Comme je l’ai déjà souligné, au service de cette guimauve, une distribution et une direction musicale incontestables dans l’ensemble.
Quel plaisir on a à retrouver Michel Plasson qui sait comme personne donner à cette musique un véritable intérêt et une vraie grandeur. L’orchestre est à son meilleur, veloutés des cordes, éclat des cuivres, contrastes, couleurs, extrême lyrisme : il y a des moments de pur bonheur, procurés par l’engagement de l’orchestre et par le rythme imposé par Plasson, tantôt dynamique, tantôt retenu, mais toujours juste, et souvent émouvant. Il est juste dans l’ouverture, exposé un peu touffus pour mon goût de la plupart des thèmes, car il est contrasté, il est d’une ineffable douceur comme d’une fermeté épique, dans le ballet, il a le rythme mais aussi la clarté analytique qui révèle toutes les notes et les recoins de la partition. De plus il ne couvre jamais les chanteurs, et laisse les voix s’épanouir, et son troisième acte, l’acte de l’amour est totalement convaincant. Bref, ce travail est une vraie fête.
Fête du chant français également, car il y a peu à redire des prestations de la distribution dans son quasi ensemble.
Tous les rôles de complément sont bien tenus, aussi bien le Saint Jacques de Francis Dudziak, le Roi de Nicolas Cavalier ou le Gormas de Laurent Alvaro. Notons au passage dans la distribution Luca Lombardo (Don Arias), qui fut un ténor apprécié dans les années 90 (Il enregistra le rôle de Floreski dans la Lodoiska de Cherubini sous la direction de Riccardo Muti).
Paul Gay en Don Diègue est à la fois un personnage de grande allure, avec une belle présence vocale : la voix est bien posée, bien projetée et très intense, par le ton, les accents, la couleur. La prestation dans l’ensemble est plus que convaincante, elle est d’une justesse confondante.
L’infante d’Annick Massis, dont le rôle consiste dès le début à renoncer à l’amour pour Rodrigue (dans un opéra belcantiste, elle aurait sans doute dépensé toute son énergie à nuire à sa rivale, sinon à lui préparer un bouillon de onze heures) au nom de la raison d’Etat et de son statut propre : la voix est comme toujours très bien contrôlée, les aigus sûrs, le tout avec un vrai style. Je ne l’avais pas revue depuis sa princesse Eudoxie dans La Juive de Halévy à Bastille (une production Mortier) : elle est toujours aussi intense, a toujours une magnifique tenue en scène et une voix toujours aussi maîtrisée. C’est vraiment une très belle artiste.

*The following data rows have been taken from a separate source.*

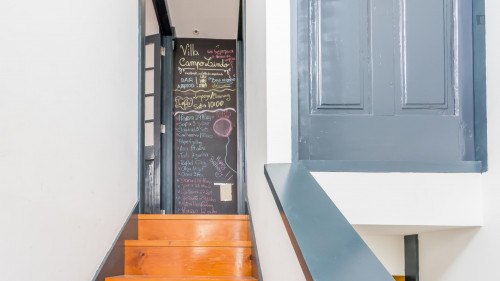 Comfy single bedroom in a 9-bedroom apartment near Universidade Fernando Pessoa - Gallery - 5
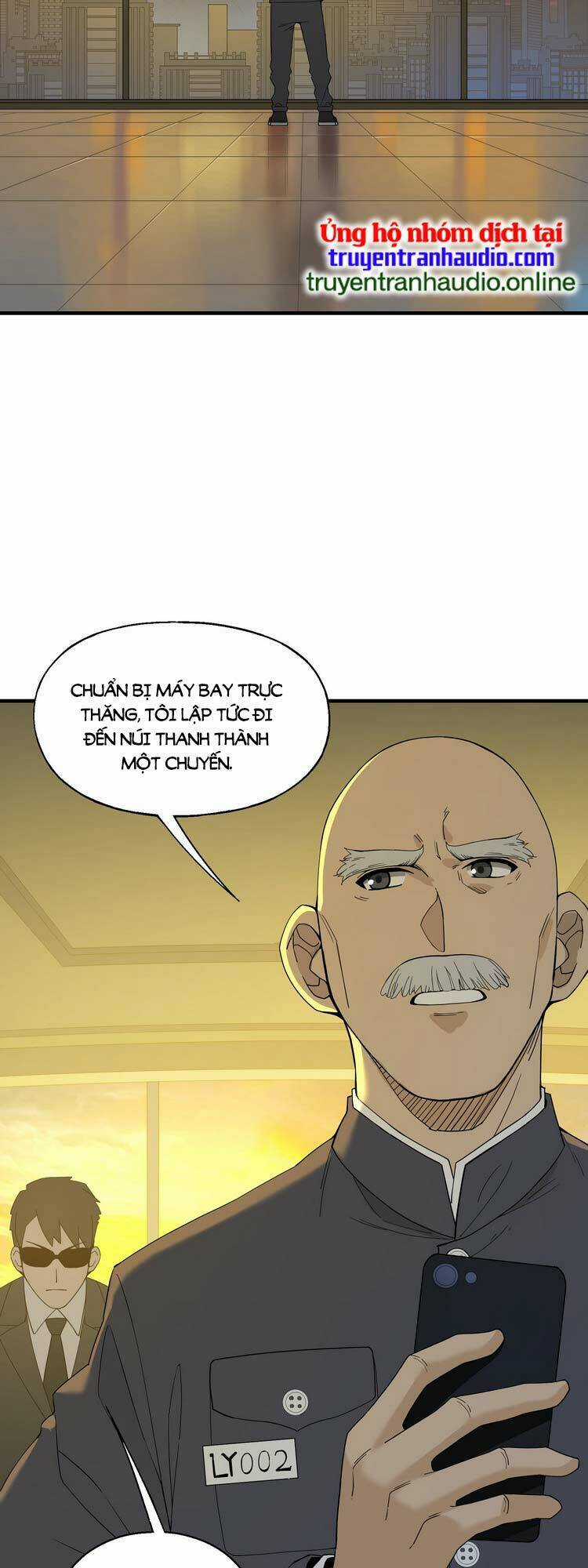 Ta Xuất Sơn Liền Vô Địch Chapter 10 trang 38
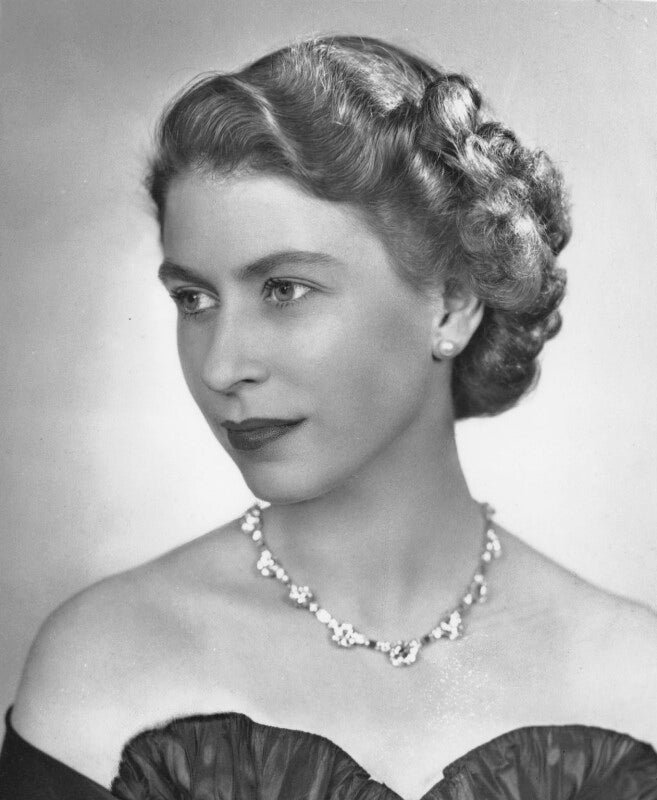 Queen elizabeth ii npg x34088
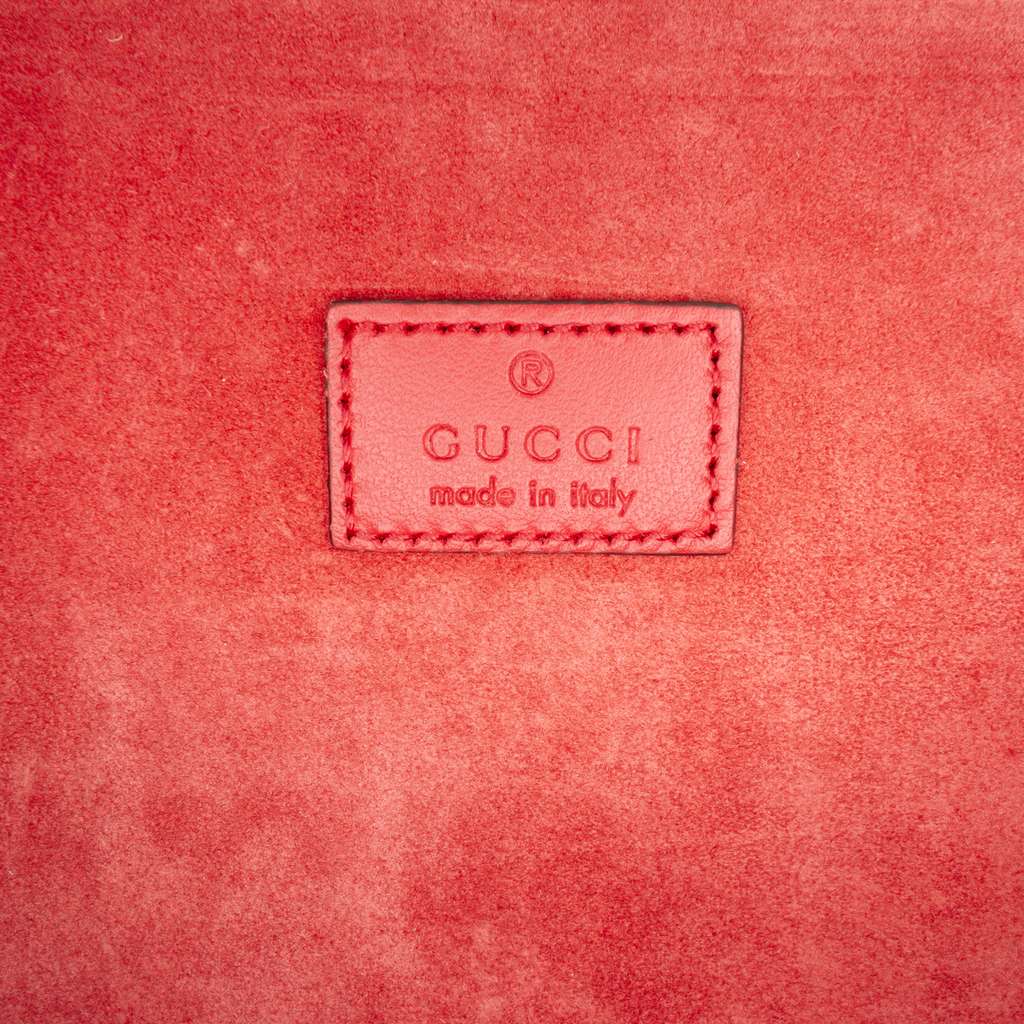 Gucci Medium GG Supreme Dionysus Shoulder Bag - 5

Mes réserves vont plutôt à la Chimène de Sonia Ganassi. J’ai toujours apprécié cette voix et cette artiste, sérieuse, à qui on a peut-être offert des rôles excédant ses possibilités réelles (comme Eboli) : c’est une interprète rossinienne de grande classe, ce n’est pas mezzo dramatique.
Pour Chimène, la voix est un peu à la peine. Chimène est un rôle pour grand mezzo : Grace Bumbry l’a enregistré avec Domingo (sous la direction d’Eve Queler), c’eût put être un rôle pour Urmana, ou même pour Béatrice Uria-Monzon, dont le beau physique et la voix chaleureuse et musicale eût fait merveille. Chez Ganassi, le volume est aux limites, les aigus métalliques et presque criés, elle n’a pas non plus l’allure qui conviendrait au rôle. Son interprétation reste honorable, mais un peu en-deçà du niveau des autres protagonistes.
Roberto Alagna est Rodrigue. Il n’a peut-être pas tout à fait la part héroïque du rôle, dont les aigus les plus marquants lui posent quelque difficulté (courts, un peu vite évacués), mais tout le reste en fait un Rodrigue de rêve. D’abord, la diction, phénoménale, une pure leçon de chant, et de vrai chant français, avec des piani et pianissimi de rêve, tenus sur le souffle, avec des modulations et des variations de couleur, et une voix d’une clarté miraculeuse. Il y a très longtemps que je ne l’avais entendu dans une telle forme et aussi radieux avec dans la voix à la fois une technique impeccable, mais aussi un sens de l’interprétation, un sens de la variété, une jeunesse incroyable du timbre (il a 51 ans).
« Tout Paris pour Rodrigue a les yeux de Chimène » : c’est tellement vrai en l’occurrence et tellement vibrant que cette prestation stupéfie par sa vérité et son authentique engagement. À peu de jours de distance, j’ai eu la chance d’entendre Kaufmann et Alagna, et ai pu vérifier qu’en matière de style, ils n’ont pas beaucoup de rivaux. Mais là où Kaufmann avec son timbre sombre incarne les héros mélancoliques, Alagna est solaire, lumineux, vibrant de jeunesse et vraiment enthousiasmant.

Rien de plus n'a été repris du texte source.